We could do away with logic if it was meant to be a fun ride. But unfortunately they do not play it out on that tone either. Things are seriously and blandly played out for most of the first half, and never do we think that Don is any Danny Ocean having fun while he pulls off a near impossible heist. Instead, we are limited to some one-liners from Khan which he presumes is witty.
The second half does get interesting when you realize that that there are going to be glitches in the plan. However the cops step in, and you realize that Akhtar is just tactically dragging us with one excuse or the other, to the inevasible climax (much like the original). If only it was smart as he think it is!
The humour here is unintentional, and you get plenty of that in the second half. The cops in the film takes centre stage to blurt out absurd dialogues one after that other. Some of the ones that Om Puri and Priyanka deliver would have you chuckling away. You also get this feeling that Farhan Akhtar was busy holidaying somewhere in Spain every time Priyanka steps in with her lame ‘kick ass cop’ act.
The film obviously works on how much of Shahrukh one can endure. You do realize that there is no attempt at getting into the skin of any character here. Shahrukh would go about hamming away, grinding his teeth, pulling off a swaggering walk while seemingly sneering away at his own punch dialogues. He seems content doing it all, even pit stopping for a romantic lover boy act amidst blazing guns, as if throwing in a combo offer for his female fans. How sweet!
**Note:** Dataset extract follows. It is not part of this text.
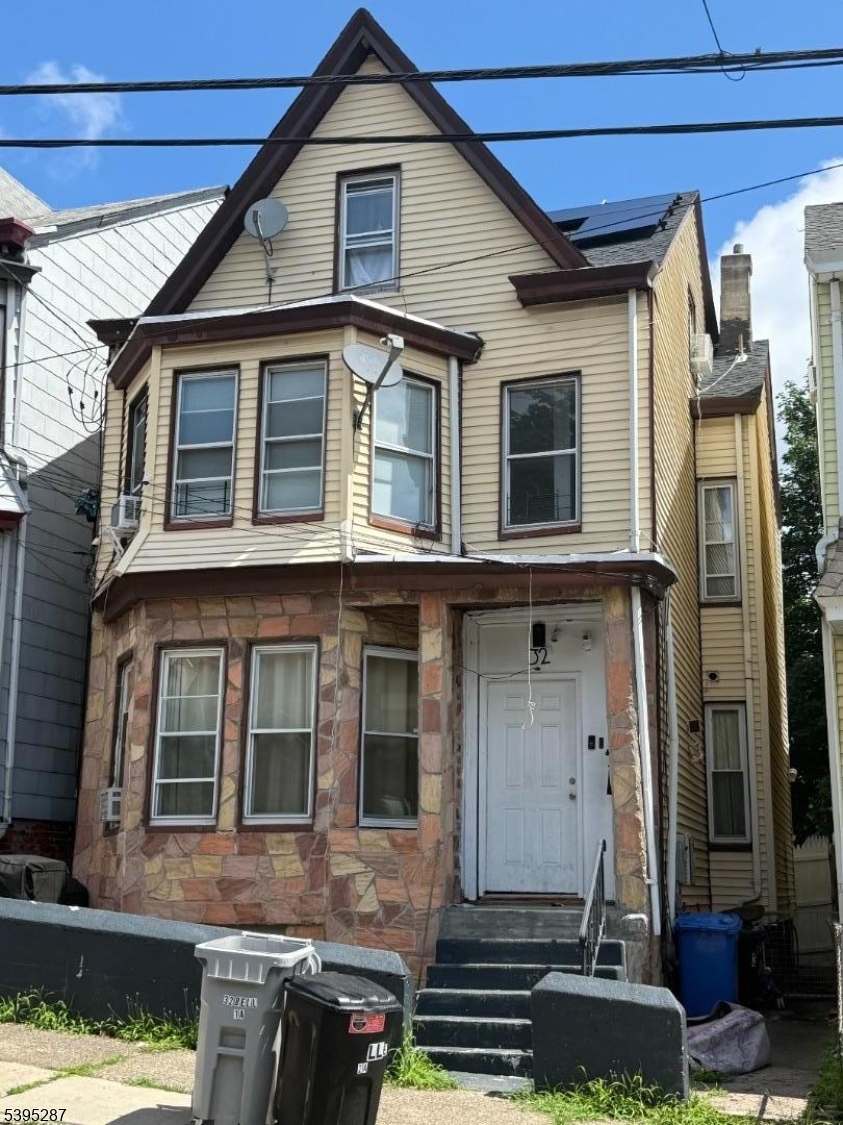 Paterson City, NJ 07522,32 Belle Ave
Looking at how Priyanka has handled the character of Roma, you know why the cops are unable to track down a criminal like Don over the years. She plays it like a rookie college dropout rather than the chief investigating officer that she is supposed to be. Boman Irani and Om Puri, despite being bundles of talents, are made to play out caricatures. Kunal is just about ok , whereas Lara Dutta manages to impress in the little scenes that she gets to chew on. Sadly, the writers were unable to find a fitting slot for her in the script.
Farhan Akhtar is undoubtedly a fine director if you go by his works in his debut Dil Chahta Hai and his follow up Lakshya. However he seems wanting when it comes to the action genre and it clearly is highlighted in the Don original and in this sequel too. Focusing on a slick treatment, the film lacks any emotional core, and ends up a hollow but impressive looking assignment. With the entire Germany at his disposal, cinematography from Jason West (Rock on) is noteworthy, gloss and gleam intact. And as for action sequences, effort has been made to make them stand out from the rest of them. It is a different matter though that there is a mechanical feel to the way it is staged out. The music does not have much of a role to play, and thankfully, the narration does not stop for songs.
Don 2, ultimately, is a disappointment because despite the workings of a top notch action thriller, the script fails to live it up. Moreover, it is unfortunate to see a director like Farhan Akhtar settling in for a safe way out. Though I would not go to the extent of saying Don’t to Don 2, it is advisable to keep your expectations low – pretty low!